◆ Work task:
Without the pictures, copy the entries below word for word.

◆ Supplied entries:
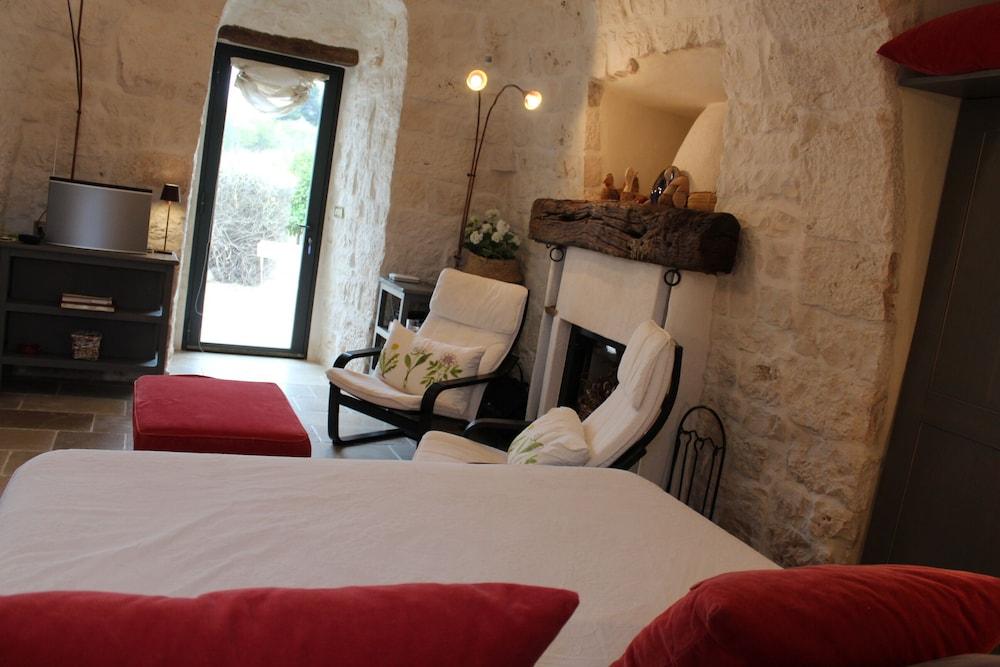 Ostuni Trullo Fiabesco con Piscina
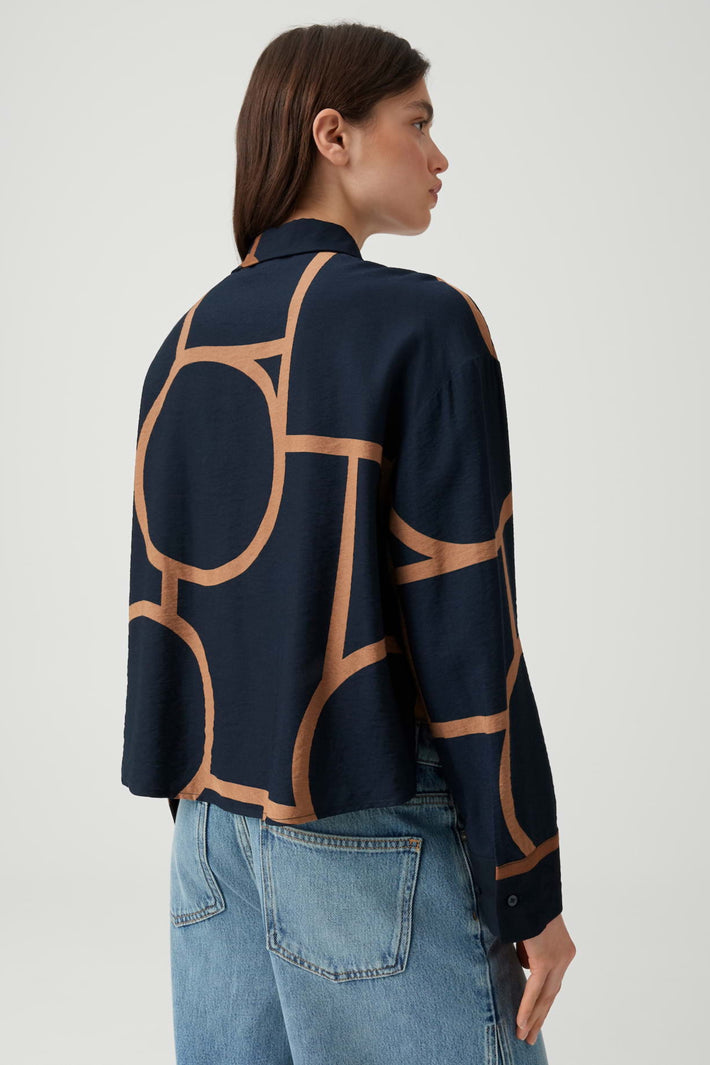 Blouse Fordoa Atelier Coal Blue van Opus, donkerblauwe blouse met losse fit en ronde hals, gedragen door een model.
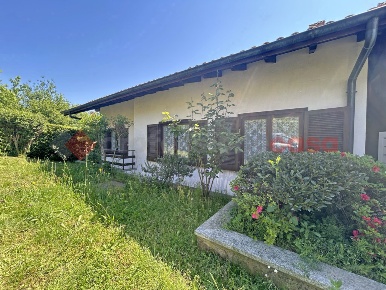 Foto Casa indipendente in Alto Vergante, Nebbiuno Centro di 180 m²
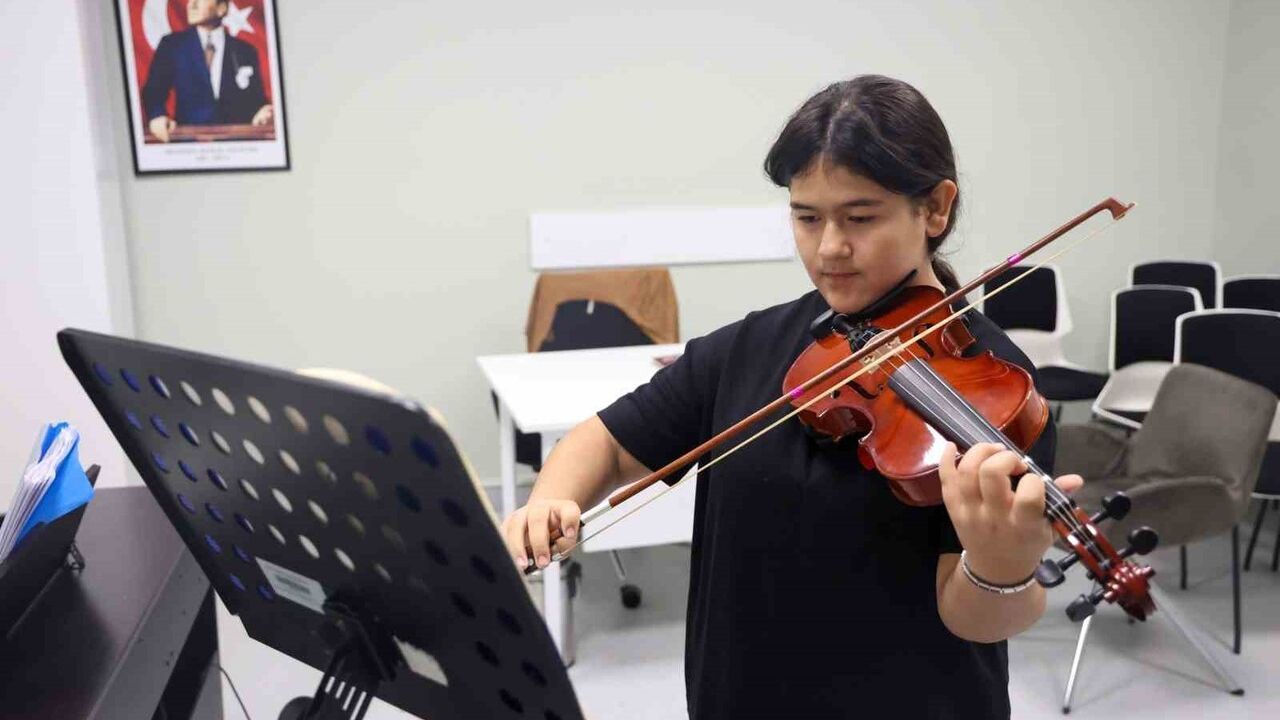 Geleceğin Sanatçıları İsmail Baha Sürelsan Konservatuvarı'nda: 2025-2026 Başladı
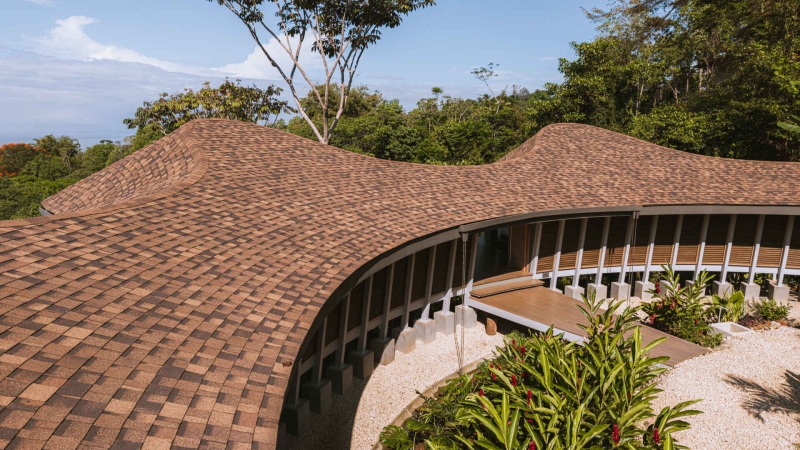 A Modular Structure That Allows a Roof to Flow Like the Landscape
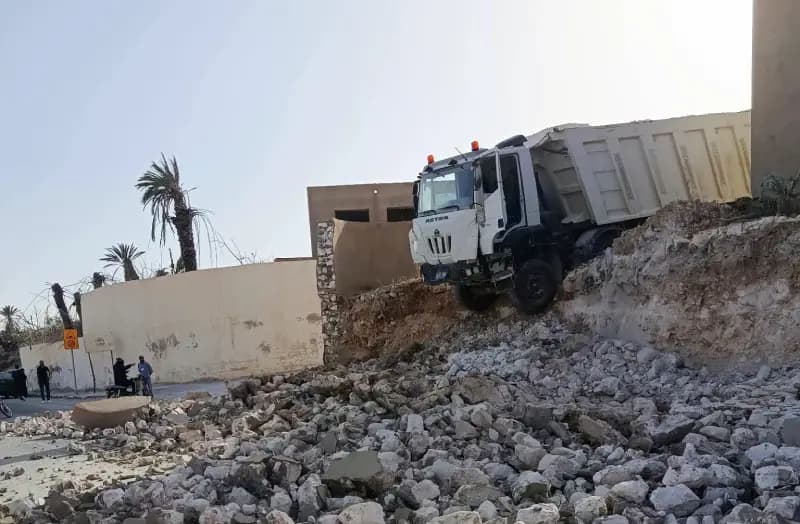 Kasserine: Truck crashes into factory wall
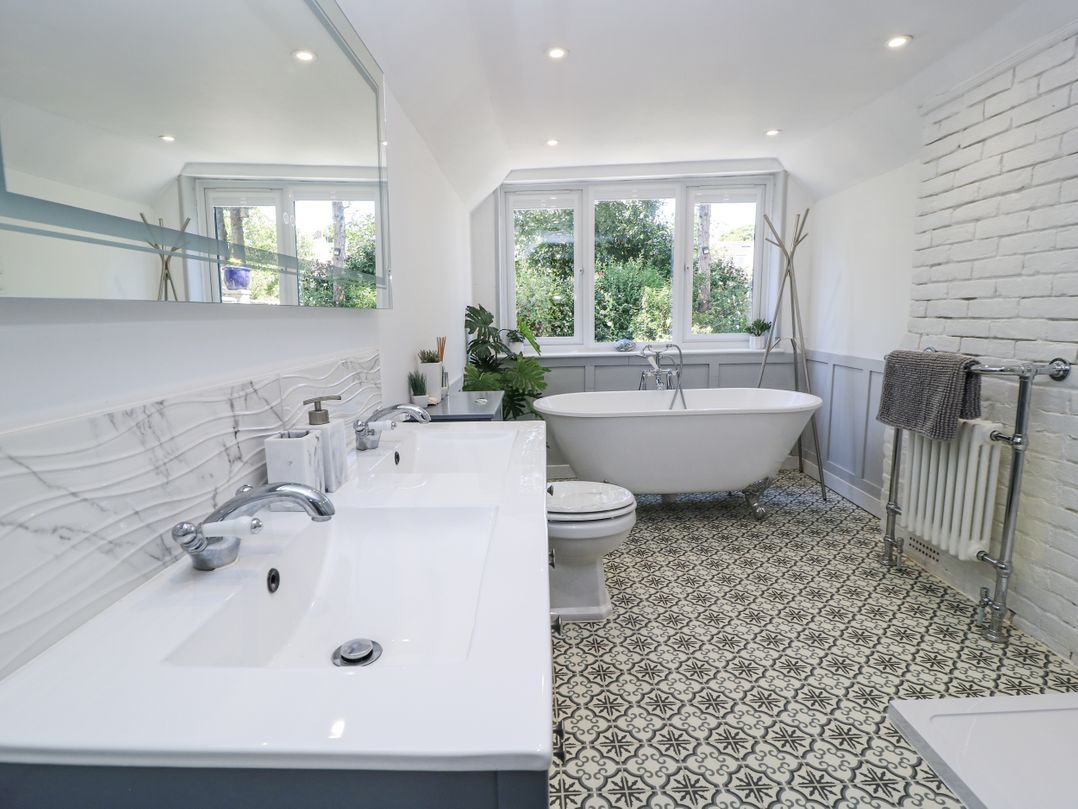 Delightful Dorset House By Wareham River
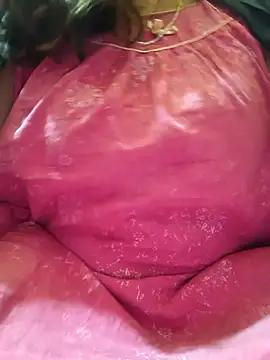 Snapshot of CUTE_SOPHIA- chatting on 12/15/24, 06:07 CUTE SOPHIA- online show from 12/15/24, 06:07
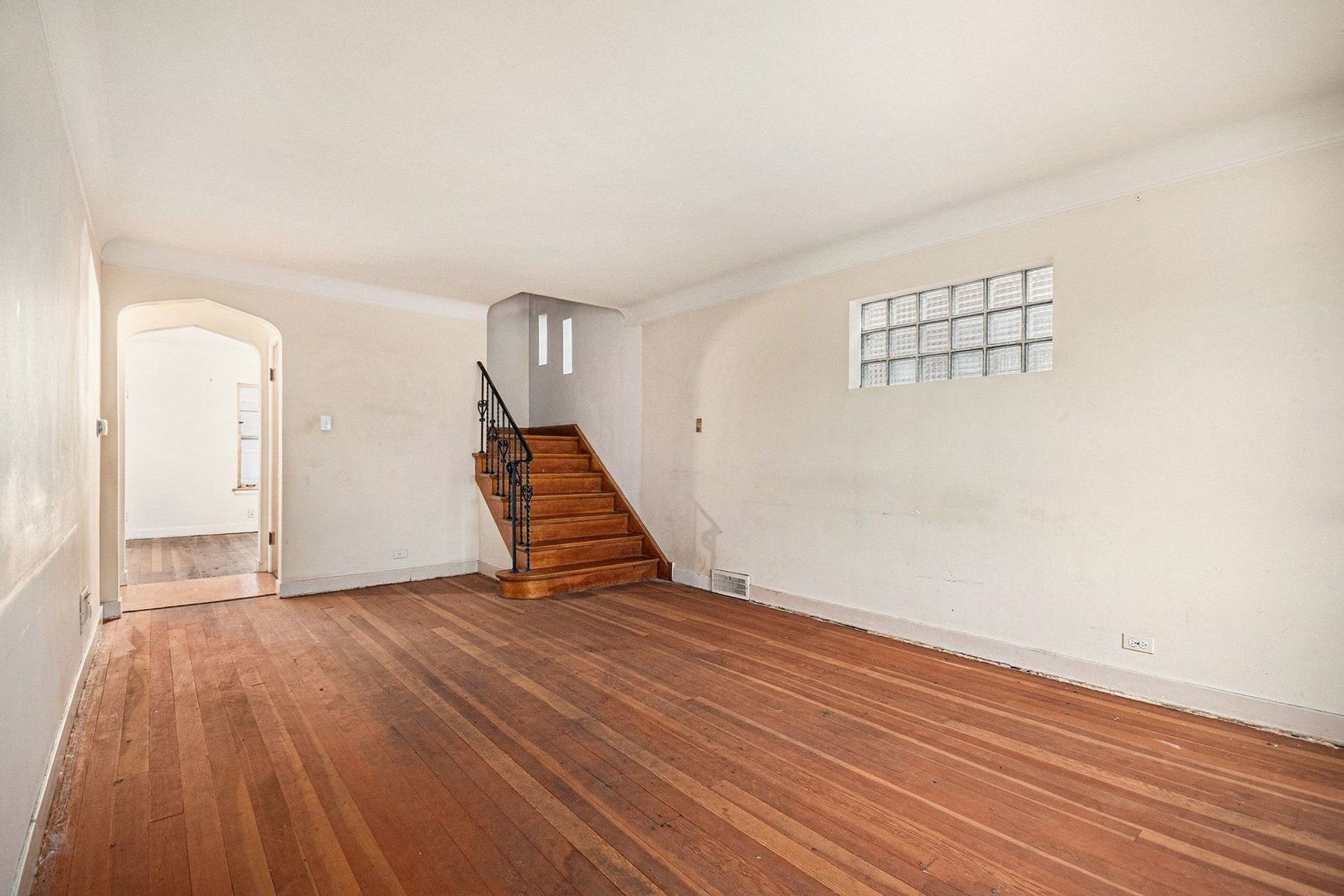 1637 Scoville Avenue, Berwyn, IL 60402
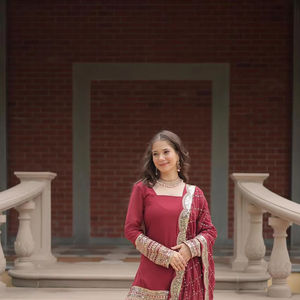 Lourd Designer Dernières Vêtements De Mariage Faux Georgette Heavy Sequence & Thread Broderie Work Top & Sharara Avec Fantaisie Dentelle Dupatta - Product Image 1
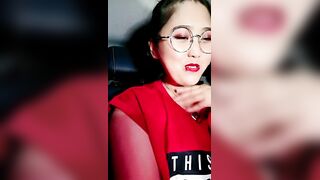小骚逼深夜打车勾搭司机户外激情啪啪【上篇】全程露脸漏奶子逼逼塞跳蛋自慰勾搭，口交大鸡巴让大哥各种爆草内射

◆ Written answer:
 Ostuni Trullo Fiabesco con Piscina
 Blouse Fordoa Atelier Coal Blue van Opus, donkerblauwe blouse met losse fit en ronde hals, gedragen door een model.
 Foto Casa indipendente in Alto Vergante, Nebbiuno Centro di 180 m²
 Geleceğin Sanatçıları İsmail Baha Sürelsan Konservatuvarı'nda: 2025-2026 Başladı
 A Modular Structure That Allows a Roof to Flow Like the Landscape
 Kasserine: Truck crashes into factory wall
 Delightful Dorset House By Wareham River
 Snapshot of CUTE_SOPHIA- chatting on 12/15/24, 06:07 CUTE SOPHIA- online show from 12/15/24, 06:07
 1637 Scoville Avenue, Berwyn, IL 60402
 Lourd Designer Dernières Vêtements De Mariage Faux Georgette Heavy Sequence & Thread Broderie Work Top & Sharara Avec Fantaisie Dentelle Dupatta - Product Image 1
小骚逼深夜打车勾搭司机户外激情啪啪【上篇】全程露脸漏奶子逼逼塞跳蛋自慰勾搭，口交大鸡巴让大哥各种爆草内射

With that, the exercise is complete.